I write this as one who has such a relationship with Labor Day, another one of those long weekends. Every so often I find myself celebrating my birthday on Labor Day, which I have to admit is not nearly so de trop as it would be to have been born, say, on December 25 or January 1. Those birthdays are always a problem—or a blessing, depending of the attitude of the celebrant—but having a birthday on Labor Day is merely an occasion for somebody to make a mild little joke.

In my case, my own mother. It was a favorite little sally of hers to assure me that, yes, I had indeed been born on Labor Day and wasn’t that nice?
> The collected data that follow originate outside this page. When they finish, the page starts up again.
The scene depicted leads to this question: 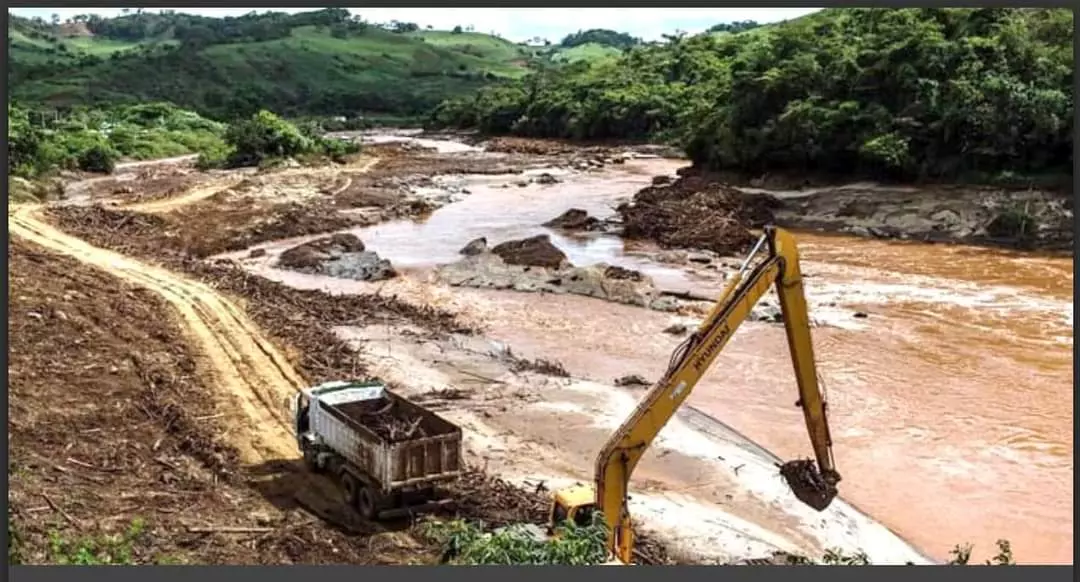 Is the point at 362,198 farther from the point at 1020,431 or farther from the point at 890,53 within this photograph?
the point at 1020,431

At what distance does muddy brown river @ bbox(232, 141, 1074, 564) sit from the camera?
14594mm

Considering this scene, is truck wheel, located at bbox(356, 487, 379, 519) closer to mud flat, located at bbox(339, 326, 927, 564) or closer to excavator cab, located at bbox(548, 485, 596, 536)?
mud flat, located at bbox(339, 326, 927, 564)

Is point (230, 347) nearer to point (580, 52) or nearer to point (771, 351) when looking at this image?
point (771, 351)

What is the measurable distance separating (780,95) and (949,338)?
2024 cm

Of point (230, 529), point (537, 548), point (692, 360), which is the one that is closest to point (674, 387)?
point (692, 360)

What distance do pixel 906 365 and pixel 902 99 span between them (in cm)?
1946

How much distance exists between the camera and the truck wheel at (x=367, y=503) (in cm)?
1249

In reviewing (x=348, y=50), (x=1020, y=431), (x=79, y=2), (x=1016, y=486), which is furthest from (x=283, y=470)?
(x=348, y=50)

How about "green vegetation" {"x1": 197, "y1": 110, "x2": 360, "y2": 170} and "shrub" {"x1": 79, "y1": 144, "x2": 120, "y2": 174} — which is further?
"green vegetation" {"x1": 197, "y1": 110, "x2": 360, "y2": 170}

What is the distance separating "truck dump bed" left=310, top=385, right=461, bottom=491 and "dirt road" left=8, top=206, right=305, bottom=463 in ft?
5.18

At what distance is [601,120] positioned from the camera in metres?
72.2

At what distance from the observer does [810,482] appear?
11.5 metres

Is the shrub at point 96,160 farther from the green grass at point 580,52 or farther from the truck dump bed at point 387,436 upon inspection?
the green grass at point 580,52

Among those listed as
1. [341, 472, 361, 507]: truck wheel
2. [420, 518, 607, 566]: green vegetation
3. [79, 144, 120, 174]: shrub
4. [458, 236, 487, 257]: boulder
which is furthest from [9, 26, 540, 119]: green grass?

Of course I looked it up and as it happens the exact day of my birth was not the day that official Labor Day happened that year. Which did not in any way mitigate her satisfaction in the pun. Alas.

Having been born on October 9 probably doesn’t represent quite that same risk of low humor, unless your family happens to have a relationship to Columbus upon which one can only speculate. In that case, please accept my sympathy and/or congratulations. It’s your year!

Oh, and by the way, October 9, every single year, is Leif Erikson Day—proclaimed by President Calvin Coolidge in 1925—even if nobody seems to care any more. It is is also, among other celebrations, National Chess Day and National Moldy Cheese day (yay).

three Native Americans in ritual garb
Grand Canyon_Native American Heritage Day by Erin Whittaker. CC license.

Also, of course, the second Monday in October, no getting around it, is Native American Day, not yet a national holiday, but official in California and South Dakota. It is, however, celebrated widely all over this country. Let’s hope it catches on, though it probably won’t be made official this year. Felicitations anyway—to everybody. Have some moldy cheese. It’s good all year round.